Robert Griffin III fired back at Santana Moss on Tuesday, one day after Moss claimed during an appearance on 106.7 The Fan that Griffin, his former teammate in Washington, gloated when Mike Shanahan was fired as the Redskins’ coach following the 2013 season.
“Santana Moss, I treat you like a brother and have always had your back,” Griffin, who has been out of a job since the Cleveland Browns released him in March, tweeted. “To openly lie about me is a betrayal.”
Griffin, who added that he’s been “lied on a lot over the years,” didn’t stop there. In a series of tweets that followed, the free agent quarterback described his first two years in Washington under Shanahan as an “impossible situation with a coach who never wanted me” and said he’s been “the good soldier” throughout his career.

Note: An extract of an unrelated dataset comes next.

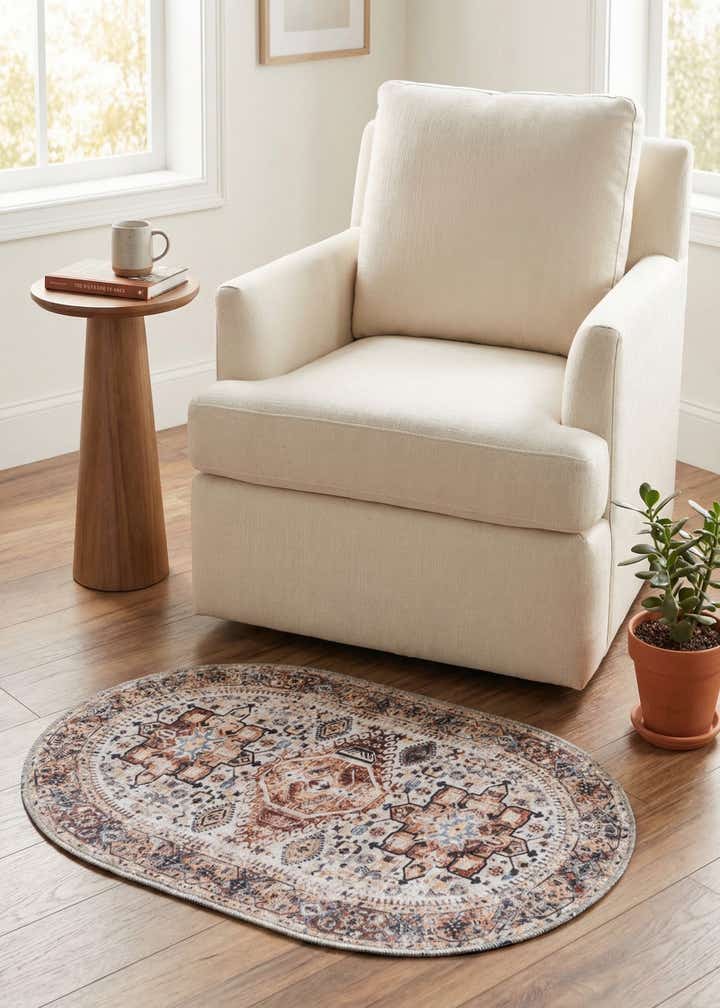 2' x 3' 1 Washable Yara Oval Rug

During his final two seasons in Washington, Shanahan repeatedly praised the Redskins’ trade with the Rams for the No. 2 pick that allowed the team to select Griffin out of Baylor in the 2012 NFL draft, but he has since made it clear that he had serious doubts about the decision.

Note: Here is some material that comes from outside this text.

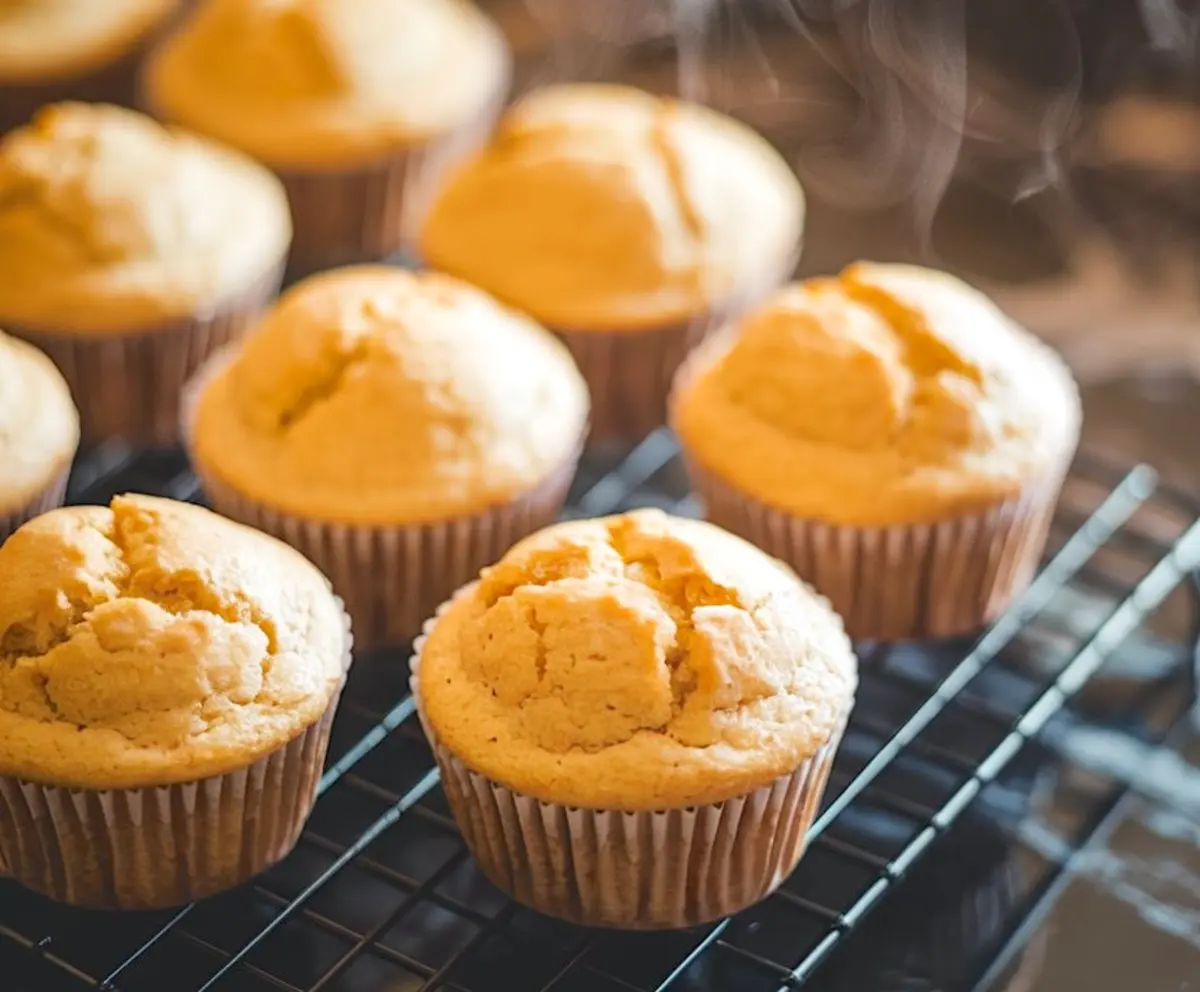 Freshly baked vanilla cupcakes cooling on a wire rack, showing golden-brown tops with light cracks, indicating fluffy and tender interiors. Captures the baking process stage for homemade cupcakes.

“Everyone was celebrating,” Shanahan told The Undefeated’s Jason Reid in 2016. “I just didn’t think it was very smart to give up that much for a guy who we didn’t even know if he could drop back and throw. When I finally sat down with Dan [Snyder], I said, ‘Hey, you own the team. We can work with him and do some things. But we haven’t seen anything on tape that warrants giving [up] this type of compensation.’ To me, it was absolutely crazy. But I told Dan that if that’s what he wanted to do, I’d make it work.”
Shanahan did make it work during Griffin’s rookie year, and the Redskins won the NFC East on the strength of Griffin’s record-setting season. Everything changed after Griffin tore ligaments in his right knee in Washington’s playoff loss to the Seahawks in January 2013. There were reports that Griffin requested a meeting with Shanahan after the season and asked him to change his offense. In 2015, two years after he was fired, Shanahan confirmed that the meeting took place. He said Griffin wanted to throw more and run less, and mentioned specific plays that he would and wouldn’t run.

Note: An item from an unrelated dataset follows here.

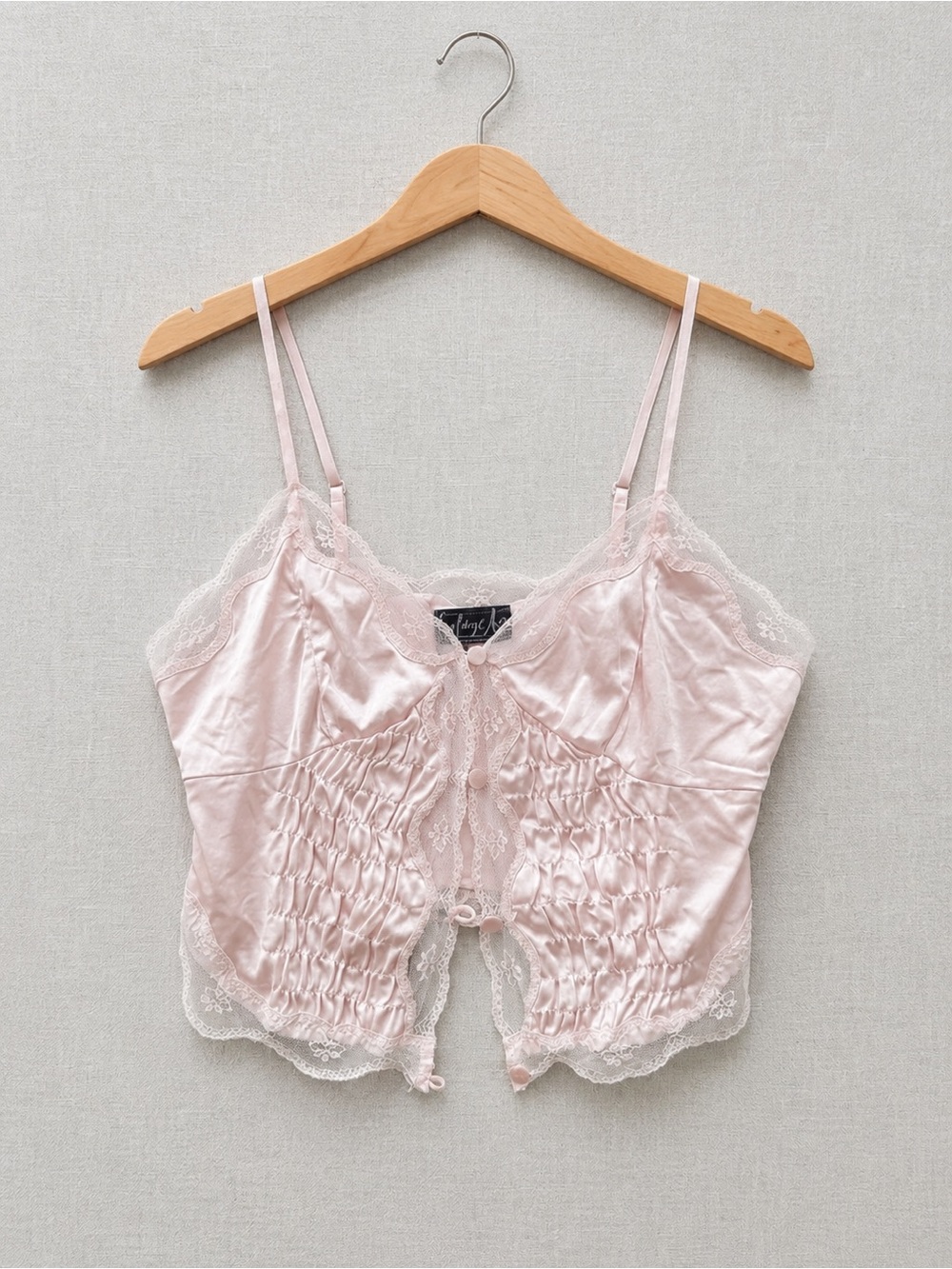 Vintage Galeries Lafayette Paris Blush Pink Satin Lace Camisole/Bustier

During an appearance on “Redskins Nation” in 2015, Griffin described the reports that he asked Shanahan to change his offense as an “urban legend” and downplayed any animosity between him and the coaching staff, including offensive coordinator Kyle Shanahan.
“Actually, just like any coach-quarterback combination, we had healthy conversations about everything, evolving as a player,” Griffin said. “There’s a lot of dark things that are talked about with Mike and Kyle and those things, but it was never a wholesale, ‘This is what we’re gonna run, this is what we’re not gonna run’ [demand]. You know, I’m a player, I’m here to play. As we like to say, I just work here. Open discussion. Coaches get to call the plays, and players have to run them.”
Moss suggested Monday that Griffin, who was benched for the final three games of the Redskins’ 3-13 season in 2013, got what was coming to him when Jay Gruden was hired to replace Shanahan. Gruden was openly critical of Griffin’s performance during the 2014 season and made the decision before the 2015 season opener to name Kirk Cousins the Redskins’ starting quarterback.
“So, 2014 comes, and Jay Gruden comes in, and he don’t care,” Moss said. “We see that now. He doesn’t care. He don’t care what he says about you, he doesn’t care what he says at you. And he rips RG every chance he gets, like every meeting, and we’re sitting there looking like, ‘Yeah. You know what? You were just sooo happy that Mike and [offensive coordinator] Kyle [Shanahan] and them is gone, but now you’re getting your behind ripped every day, because you’re not playing the kind of football that we need to play for us to be successful.’ So, it comes back and bites you in your behind, because now you see this guy is at home.”
Griffin took the high road when he was released in March 2016 after dressing for only one game and never taking a snap during the 2015 season. Griffin signed with the Cleveland Browns, won the starting job in training camp and was named a team captain.
“Coaches had nothing to do with it,” Browns Coach Hue Jackson said of Griffin being voted a captain last September. “This was all his teammates. Obviously, he has embedded himself within the organization and this team, his teammates. I think that he’s shown them that he’s somebody that they can depend on and look to and that he is working each and every day to not only better himself but also his teammates.”
Griffin was injured in the Browns’ opener and limited to five games, but he helped Cleveland win its only game of the season in Week 16.
“Some so desperately want me to fit this negative narrative that has been pushed about me,” Griffin tweeted Tuesday. “Never have. Never will. Proved it in Cleveland. Voted Captain. Came back to play for my teammates just to help us win 1 game. With a broken shoulder. Stop the lies.”